Ainda assim, não deixa de reconhecer que, sendo o mundo “uma realidade global” na qual “todos interferem com todos”, “as relações transatlânticas serão afetadas a todos os níveis pelo novo governo norte-americano, e a esfera ambiental também, até porque se tem revelado a mais frágil entre todas as áreas”.
Assim, o panorama político na UE poderá ser um fator de maior peso na liderança ambiental europeia do que propriamente as relações, mais ou menos atritadas, com os EUA.
“Se a tendência pró-extrema-direita persistir no espaço europeu, por certo a preocupação com a temática ambiental será profundamente afetada”, explica Brígida Brito, “e os riscos que daqui advêm são naturalmente grandes”.
“Se as diferentes problemáticas ambientais têm tido uma importância intermitente ao longo do tempo, a esfera política mais conservadora tende a bloquear interpretações mais progressistas sobre as causas dos problemas socioambientais e seus impactos”, aponta, numa interpretação que pode ser aplicada aos dois lados do Atlântico.
Uma nova liderança global nas esferas do clima e do ambiente?
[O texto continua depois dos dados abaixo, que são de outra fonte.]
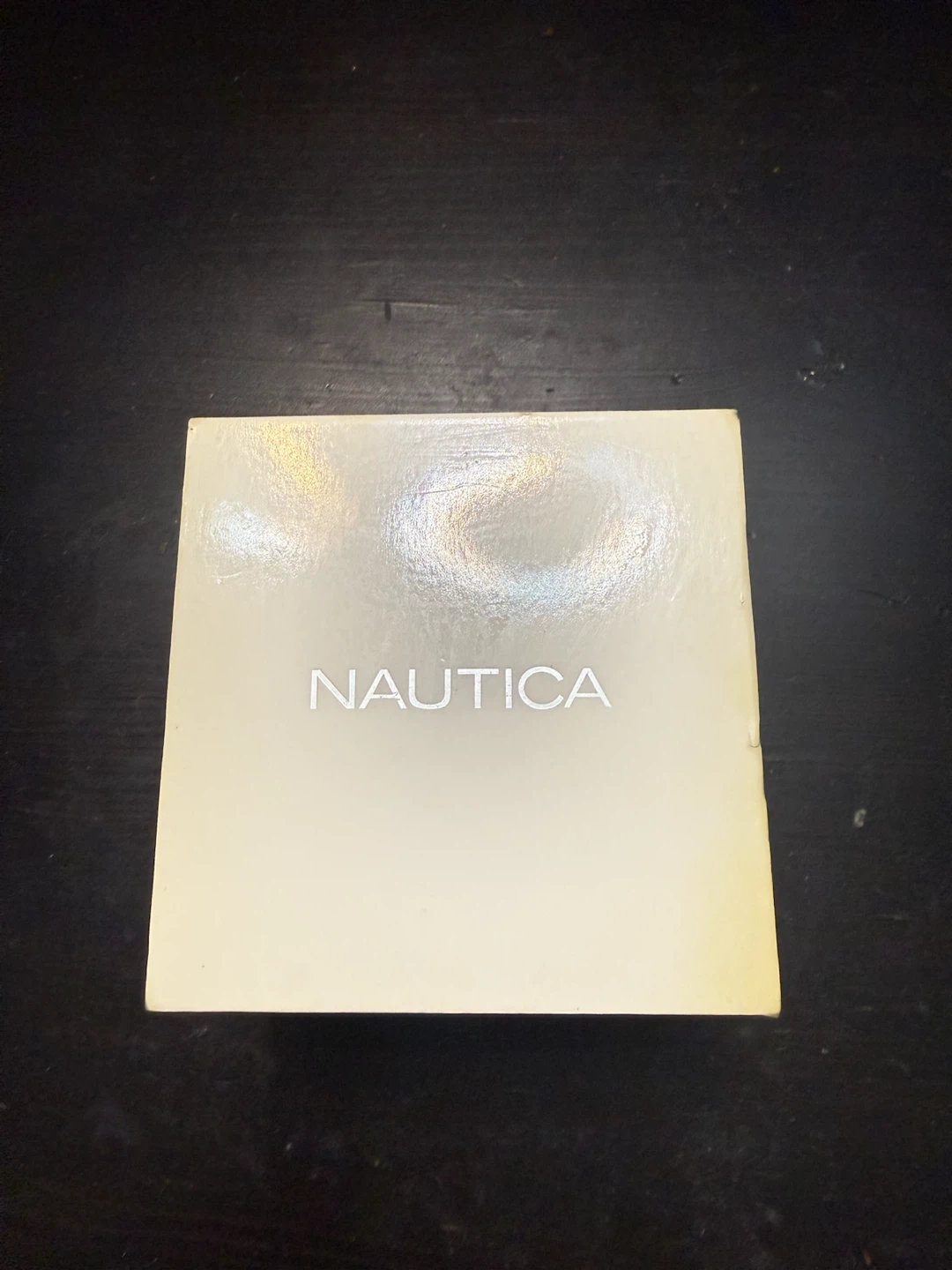 Nautica Blue and Gold Water Resistant Watch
Com o virar de costas dos EUA à liderança global climática e ambiental, a UE pode ter diante de si um mar de oportunidades, “tanto no que respeita às negociações como à identificação de alternativas estratégicas exequíveis que tenham continuidade”, salienta a académica.
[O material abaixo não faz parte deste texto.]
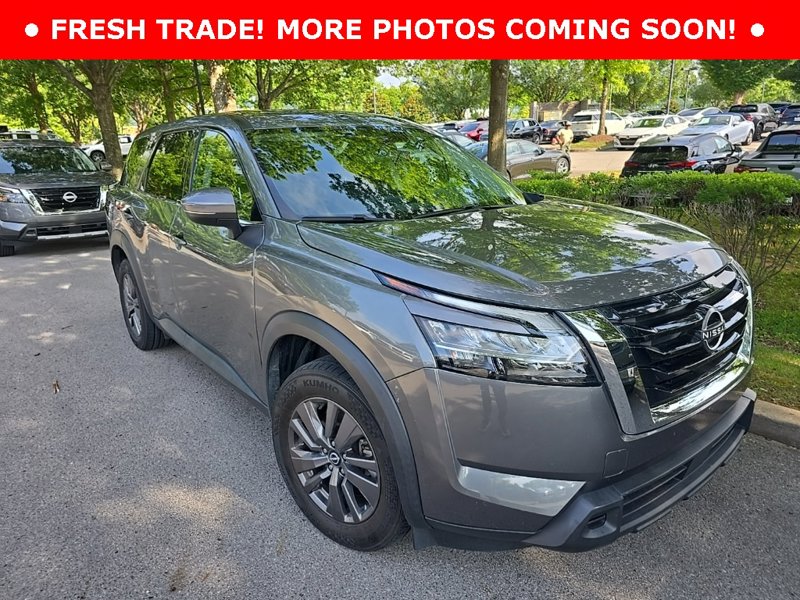 Certified 2022 Nissan Pathfinder S image 1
“Seguramente que a UE assumirá um papel de destaque, que tem vindo a ser consolidado ao longo do tempo”, assegura Brígida Brito. “A UE não ocupará todo o espaço norte-americano em todos os níveis, mas por certo tem uma voz ativa no que respeita à negociação climática e no geral ambiental”, acrescenta, lembrando que “não nos podemos esquecer que a Natura 2000 é a maior rede ecológica do mundo”.
Apesar do negacionismo que caracteriza a atual administração norte-americana, a investigadora considera que “a lei do retorno tem sido frequentemente vislumbrada”, e, embora tenha uma “extrema capacidade de adaptação, o território dos EUA tem sido frequentemente afetado por eventos climáticos extremos de grande impacto, e os efeitos fazem-se sentir”.
Ainda que “o show off norte-americano por via da postura do Presidente Trump” esteja “por clarificar”, Brígida Brito acredita que o “comportamento anti-tudo e todos” do novo governo dos EUA “não persistirá por muito tempo”.
“A pergunta é: até quando?”, sublinha.